Visioni

Sulle tracce dell’amico nel «teatro» di Palermo

Fuori Concorso Franco Maresco, omaggio a Scaldati

Pubblicato circa 9 anni faEdizione del 11 settembre 2015

Un anno dopo lo straordinario Belluscone. Una storia siciliana, Franco Maresco torna a Venezia fuori concorso con un piccolo film dedicato a Franco Scaldati, drammaturgo e attore di teatro morto a Palermo nel 2013. Progettato come un documentario per Rai5, Gli uomini di questa città io non li conosco. Vita e teatro di Franco Scaldati ha acquisito in corso d’opera un respiro maggiore fino a raggiungere la durata di un lungometraggio. E quello che doveva essere un ritratto d’artista si trasforma in un viaggio nel tempo e, infine, in una storia d’amore. La biografia di Scaldati si identifica in un primo tempo con la storia della città: nato nel 1943 a Montelepre, dove i genitori erano sfollati per sfuggire ai bombardamenti angloamericani, Franco viene raccontato come studente svogliato che entra fortunosamente in contatto con gli intellettuali cittadini lavorando alla sartoria Ferina. Il suo accesso alla cultura è libero e appassionato, una conquista personale profondamente cercata, come in tante biografie intellettuali della sua generazione.

Scoprire Beckett equivale a trovare la chiave per affrontare una materia espressiva dura e mai portata in scena: Il pozzo dei pazzi, nel 1976 mette in scena due matti che si contendono una gallina, ed è il primo tentativo, riuscito, di mettere in contatto la superficie con le profondità nascoste della città. Gli inferi di Palermo, le macerie della modernità, l’evidenza irriducibile di corpi che rifiutano la norma: sono gli stessi elementi che fin dall’inizio popolano la televisione e il cinema di Ciprì e Maresco, i cui non frequenti squarci lirici devono qualcosa a Lucio (1977) e al lato «lunatico» e astratto di Scaldati. Da un certo punto in poi nel film la vicenda di Scaldati, con i suoi riconoscimenti nazionali (i libri, i premi Ubu, la regia di Elio De Capitani) e le testimonianze di Emma Dante, Letizia Battaglia, Goffredo Fofi, Roberto Andò, è contrappuntata con la storia della città.
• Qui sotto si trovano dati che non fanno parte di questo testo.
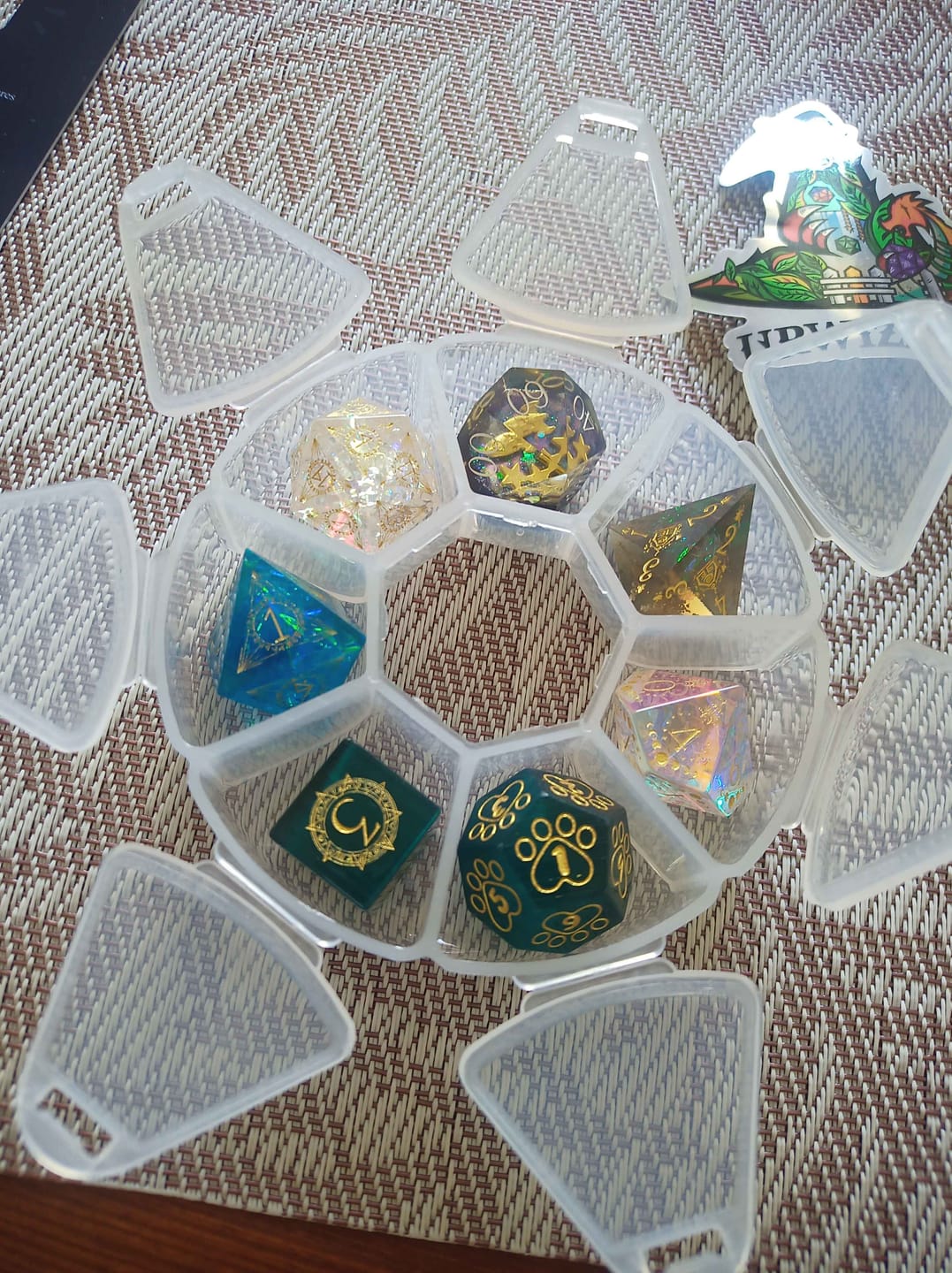 Customer photo review of Mystery Dice Blind Bags!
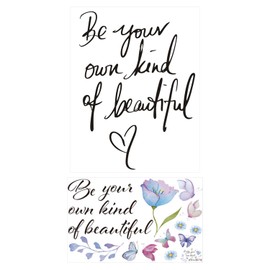 2 Pieces English Wall Stickers, Encourage Yourself Quotes Stickers, Home Decoration Stickers, Background Decoration Wall Stickers, Girls Bedroom Accessories Decoration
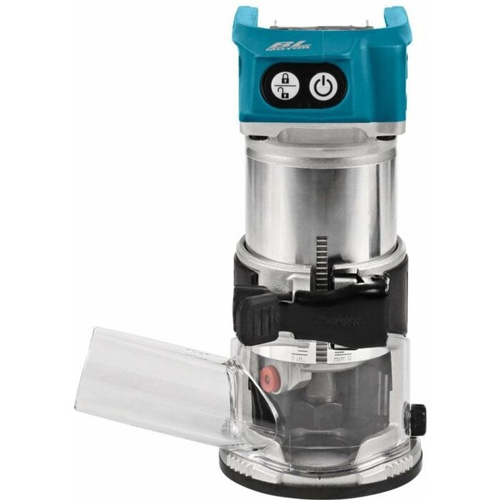 Akumulatorski multifunkcijski rezkalnik Makita DRT50Z, 18 V, brez baterije in polnilca, brezkrtačni motor, modra/srebrna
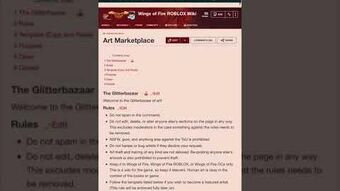Art Marketplace Wing Of Fire Roblox Wiki Fandom - roblox discord marketplace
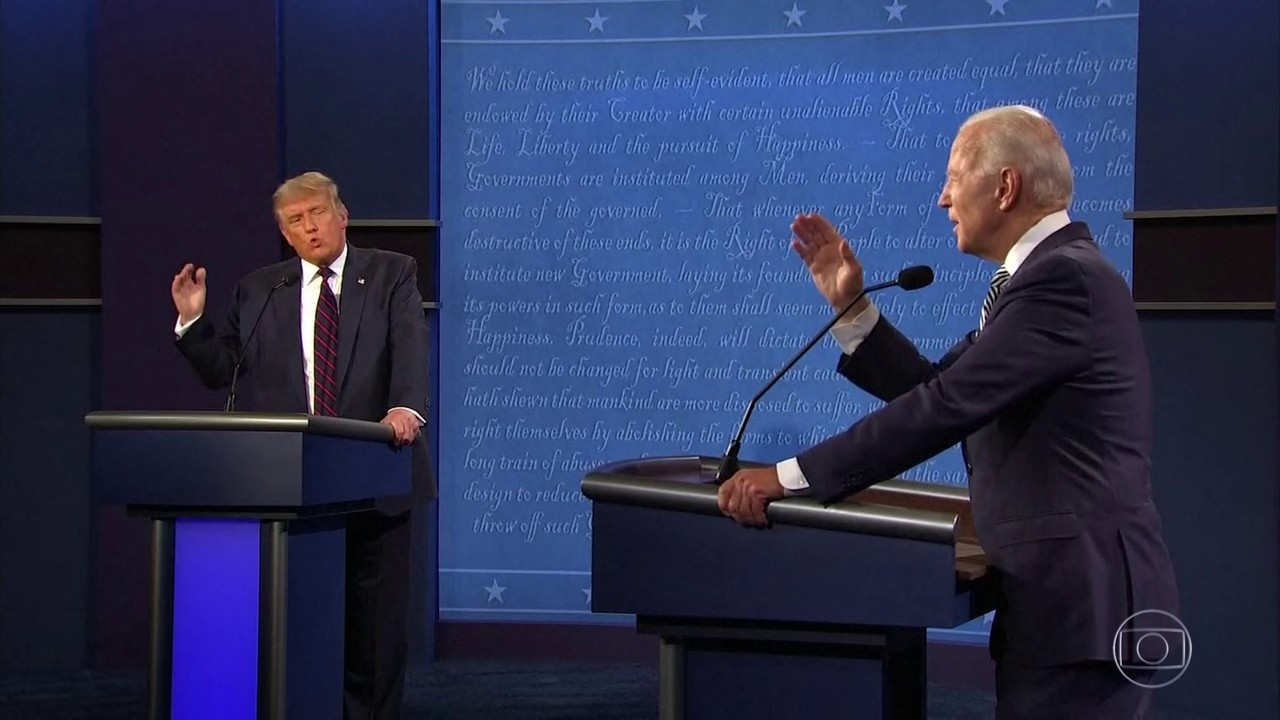 Primeiro debate de Biden e Trump é considerado ‘caótico’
E Palermo per Maresco è il mondo: dalla miseria di Cortile Cascino (ripreso nel 1962 dal celebre documentario di Roemer e Young) agli obbrobri edilizi del boom economico, dalle stragi di mafia alla primavera di Orlando, nel microcosmo cittadino trova teatro l’intera vicenda umana secondo un processo di intensificazione che la rende drammatica e grottesca. Ma é verso la fine che il film ha uno scatto: Scaldati cessa di essere l’autore venerato e si trasforma in sodale di uno straordinario periodo creativo. L’attore compare in molti lavori di Cipri e Maresco, è protagonista insieme a Luigi Burruano di Il ritorno di Cagliostro, con Mimmo Cuticchio ed Enrico Rava è la terza pala d’altare di Viva Palermo e Santa Rosalia, uno spettacolo teatrale portato in giro per l’Italia nel 2006. Maresco, nota Emiliano Morreale nella sua testimonianza, comincia a somigliare fisicamente a Scaldati, e il ricordo di loro due, i lunghi barboni bianchi, che attraversano i vicoli del centro storico nella notte evocando i morti veri e quelli apparenti è irresistibile. Il film si lascia conquistare dall’affetto e nell’identificazione dell’autore con il suo soggetto trova noti malinconiche ma non disperate come in Io sono Tony Scott, ovvero come l’Italia fece fuori il più grande clarinettista del jazz, di tutti il film più simile a questo. Storia d’amore per un grande autore, per un amico, per il teatro, il film mette in condizione lo spettatore di condividerne il privilegio per un’ora e mezza. Cosa chiedere di più?